Seitens der Konservativen Partei ist dies ein Verzweiflungsakt und birgt daher enorme Risiken. Die Wahrscheinlichkeit, dass die EU ernsthafte Zugeständnisse macht, wie sie Mr. Johnson wünscht, ist sehr gering.

Die EU könnte am Brexit-Abkommen einige kosmetische Änderungen vornehmen, sodass sie Mr. Johnson der britischen Bevölkerung geschickt als Zugeständnisse verkaufen könnte. Unter diesen Umständen könnte das britische Parlament dem Austrittsabkommen zustimmen (was die frühere Premierministerin Theresa May dreimal versuchte und dabei scheiterte).

Allerdings basiert dieses Szenario auf sehr vielen Unbekannten, und dessen Eintrittswahrscheinlichkeit wird von Tag zu Tag geringer. Es könnte auch schon zu spät sein, und das Vereinigte Königreich wird die EU am 31. Oktober verlassen. Sofern Mr. Johnson nicht deutlich zurücksteckt (was nicht unmöglich ist), wird es zu einem No-Deal-Szenario kommen.

Dies hätte für einen Großteil Europas schwerwiegende wirtschaftliche Folgen. Trotz unterschiedlicher Versuche, diese quantitativ zu erfassen, ist die Komplexität der Folgewirkungen zu groß, als dass sich verlässliche Schlussfolgerungen ziehen lassen würden. Mit Sicherheit lässt sich nur sagen, dass die wirtschaftlichen Auswirkungen negativ sein werden, höchstwahrscheinlich sehr stark negativ, insbesondere für das Vereinigte Königreich und Irland. Die engen Handelsbeziehungen Großbritanniens zu Deutschland führen auch dazu, dass die wirtschaftlichen Folgeeffekte weite Kreise ziehen werden, auch in Osteuropa. Es ist davon auszugehen, dass sich die nunmehr jahrelange Unsicherheit des Brexits bereits auf Deutschland ausgewirkt hat.
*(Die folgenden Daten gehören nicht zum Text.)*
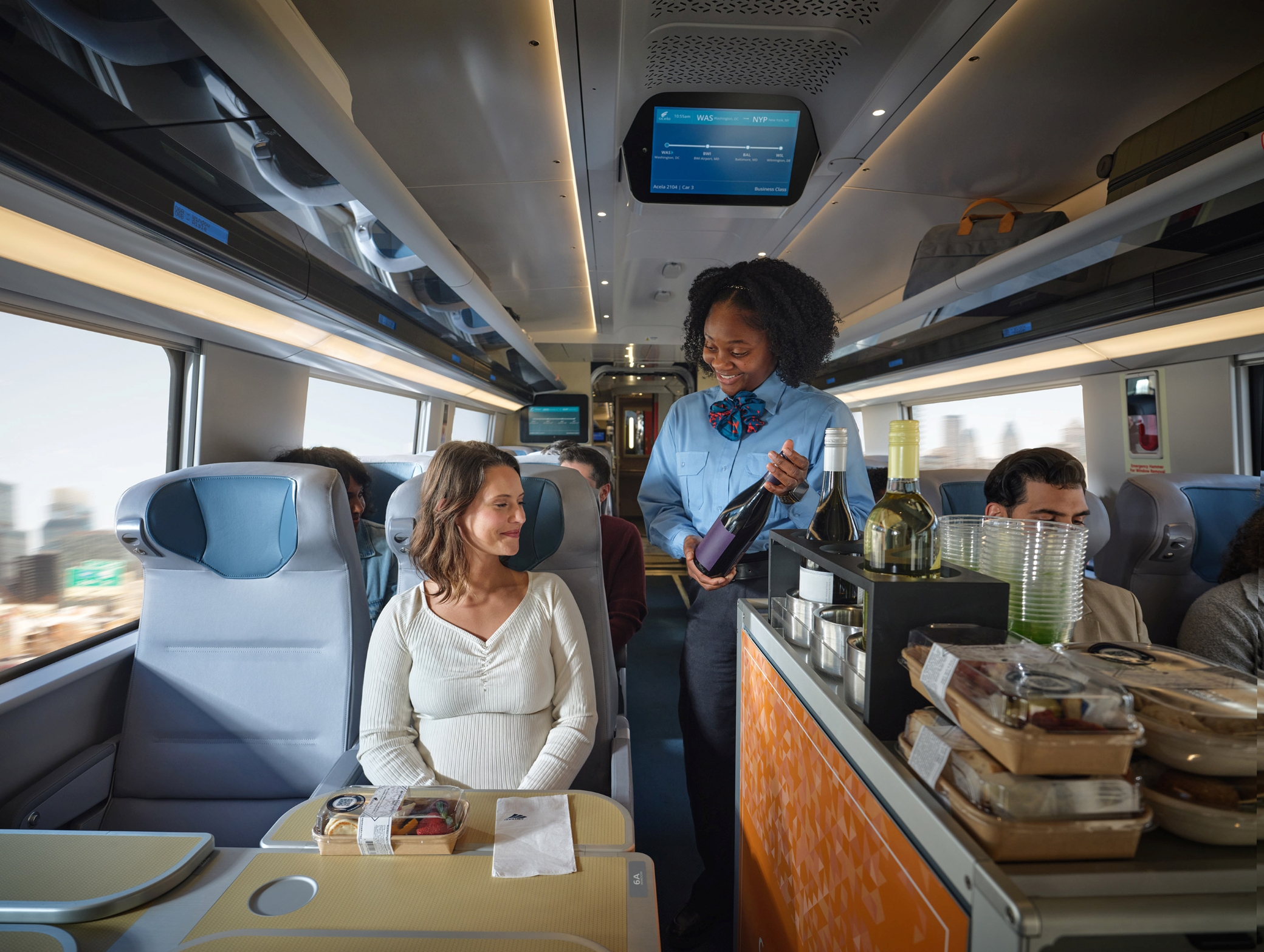 An attendant serving wine to a passenger on an Amtrak Acela train.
Neuwahlen werden immer wahrscheinlicher

Mr. Johnson wird voraussichtlich mit einer knappen Parlamentsmehrheit britischer Premierminister werden, was seinen Handlungsspielraum deutlich einschränken wird. Er wird einigen ehemaligen Anti-Brexit-Kollegen leitende Positionen anbieten müssen, was ihn zu mehr Vorsicht bei der Verfolgung seines No-Deal-Kurses veranlassen könnte. Nichtsdestotrotz sind sich auch diese Kollegen der potenziell existenziellen Bedrohung bewusst, der die Konservative Partei – insbesondere auch durch den Herausforderer Mr. Farage – gegenübersteht. Nur sehr wenige fühlen sich bei dem Gedanken an Neuwahlen vor der Brexit-Entscheidung wohl.

Die Frage ist somit, welche Rolle das britische Parlament spielen kann. Frühere Abstimmungen deuten auf eine recht große Mehrheit gegen einen No-Deal-Brexit hin. Vor kurzem hat das Parlament Maßnahmen ergriffen, um Mr. Johnson daran zu hindern, es bei der Verfolgung seines No-Deal-Kurses auszubremsen. Sollte es zu einer No-Deal-Abstimmung kommen, dürfte diese sehr knapp ausfallen. Einige Konservative kündigten bereits an, in diesem Fall gegen den Regierungskurs zu stimmen. Andererseits dürften jedoch auch einige Nichtkonservative mit der Regierung stimmen. Dazu gehören zumindest einige, dem Brexit zugeneigte Labour-Abgeordnete und einige praktisch unabhängige Abgeordnete, die zuvor aus der Labour und Konservativen Partei ausgetreten sind und ihr Mandat bei Neuwahlen wahrscheinlich verlieren würden.

Johnsons draufgängerische Art im Brexit-Debakel macht ihn unter konservativen Mitgliedern sehr beliebt.

Sollte die Regierung ein Misstrauensvotum verlieren und eine Neuwahl angesetzt werden, so wird viel von der EU abhängen. In diesem Fall könnte die EU durchaus eine weitere Verlängerung gewähren. Bislang war der französische Präsident Emmanuel Macron in seiner Bereitschaft, ein No-Deal-Szenario zu akzeptieren, isoliert. Man kann jedoch nicht davon ausgehen, dass dies ewig so seien wird.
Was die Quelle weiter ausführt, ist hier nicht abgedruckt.